# Teaching Measurements to Create Slime

Grade Levels: K-12 (Modifications can be made depending on grade and skill levels.)

Subject: Mathematics and Science

Duration: 1-2 class periods

Common Core Standards:

• 3.MD.A.2 Measure and estimate liquid volumes and masses of objects using standard units of grams (g), kilograms (kg), and liters (l).

## Lesson Overview:

Slime-making captivates kids' attention and provides an excellent opportunity to introduce and teach them about measurements. By incorporating measurements into the slime-making process, children can develop important math and science skills while having a blast. Moreover, the sensory experience of slime-making stimulates their creativity and fine motor skills.

## Lesson Objective:

By the end of this lesson, students will be able to:

1. Understand the concept of measurements and their importance in scientific experiments.
2. Apply measuring skills to create slime by following a given recipe.
3. Practice using different units of measurement, such as ounces, milliliters, and teaspoons.

## Materials Needed:

• Ingredients for making slime
1. Glue
2. Borax
3. Warm water
• Mixing bowls and spoons.
• Measuring cups (Ounces, if desired)
• Food coloring (Optional)
• Plastic zip bags for storing slime
• Slime Recipe from pbs.org
1. Squeeze ½ cup (4 ounces) of glue into a bowl.
2. Mix in ½ cup (or 4 ounces) of warm water.
3. Add a few drops of food coloring, optional.
4. Mix one teaspoon of Borax into ½ cup of water in a plastic container. Slowly add the solution to the glue mixture.
5. Stir the mixture in one direction until it starts to thicken. (You might not need all of the Borax solution.)
6. Knead the slime. At first, it will be wet and gooey, then stringy and sloppy, until it finally holds together.
7. Keep kneading until the slime is easy to hold and play with.
8. Put the slime in a plastic bag with a zip top or a sealable container for storage. It will last two weeks before it needs to be thrown away.

## Procedure:

### Introduction (10 minutes):

1. Begin the lesson by briefly discussing your students' experiences with slime. Bring a sample of slime and show it to your class.
2. Ask the students if they have ever made slime before. Ask what slime is made of and/or let the students guess the ingredients.
3. Explain to the students that today they will learn about measurements and their importance in science experiments like making slime.
4. Share the lesson objectives with the students (listed above).

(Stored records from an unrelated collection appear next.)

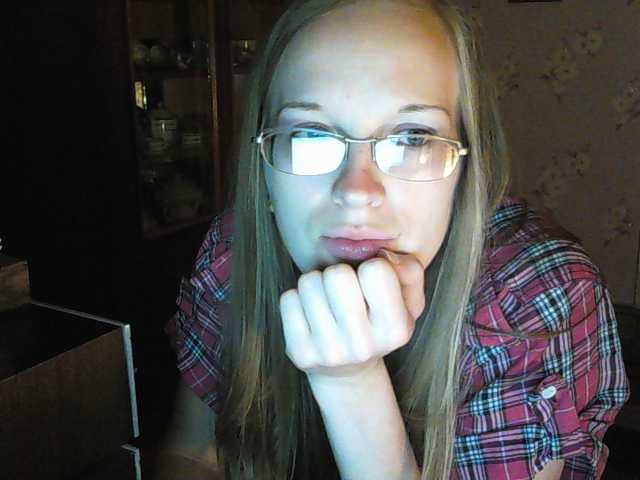 Capturas de tela de transmissão Angelpussy1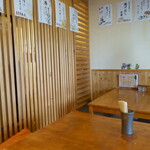 居酒屋 ひなた - 店内の様子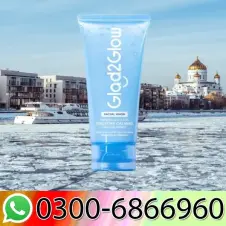 Glad2glow Blueberry Ceramide Moisturizer Price In Pakistan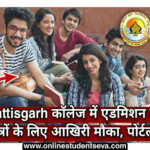 CG College Admission 2022 Portal Open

### Demonstration and Explanation (20 minutes):

1. Display the ingredients needed to make slime, along with the measuring tools.
2. Discuss the importance of accurate measurements in scientific experiments and how they affect the outcome.
• If you have time, make slime with inaccurate measurements and then again with correct measurements to show the students accurate measuring and its importance.
3. Introduce the slime recipe and discuss the importance of following the instructions precisely.
4. Explain the different units of measurement that will be used in this activity.
5. Demonstrate how to use the measuring cups correctly, emphasizing the importance of leveling off the measurements for accuracy. If needed, teach your students how to level off their measurements.

### Hands-on Activity (30-40 minutes):

1. Divide the students into small groups or pairs depending on your class size and supplies.
2. Provide each group with the necessary materials, including the recipe.
3. Instruct the students to measure the ingredients according to the given recipe.
4. Encourage students to work collaboratively, assisting one another with measuring and mixing.
5. Circulate among the groups to monitor their progress and address any questions or difficulties.

### Clean-up and Reflection (10 minutes):

1. Instruct the students to clean up their work areas and return all materials to their designated places.
2. Gather the students back together and engage in a discussion or collaborative worksheet about the process. Ask questions such as:
1. Did your slime work? Why or why not?
2. How did accurate measurements affect the outcome of your slime?
3. What challenges did you face while measuring the ingredients?
4. Why is it important to follow instructions when conducting scientific experiments?
5. Did your team have any trouble working together? Yes or no, and explain.

### Conclusion (5 minutes):

1. Summarize the slime-making process, emphasizing the importance of measurements in scientific experiments.
2. Allow students to share their observations and experiences from the activity.
3. You may want to do a gallery walk so students can see the other teams' slime.

## Assessment:

1. Have students describe in their own words the step-by-step process of making slime. You may provide the ingredients list, but not the recipe instructions, to aid in this assignment.
2. Have students explain the importance of accurate measurements and how they affect the outcome.
3. Have students brainstorm other math and science lessons using hands-on measurement activities. (Baking a cake, growing crystals, etc.)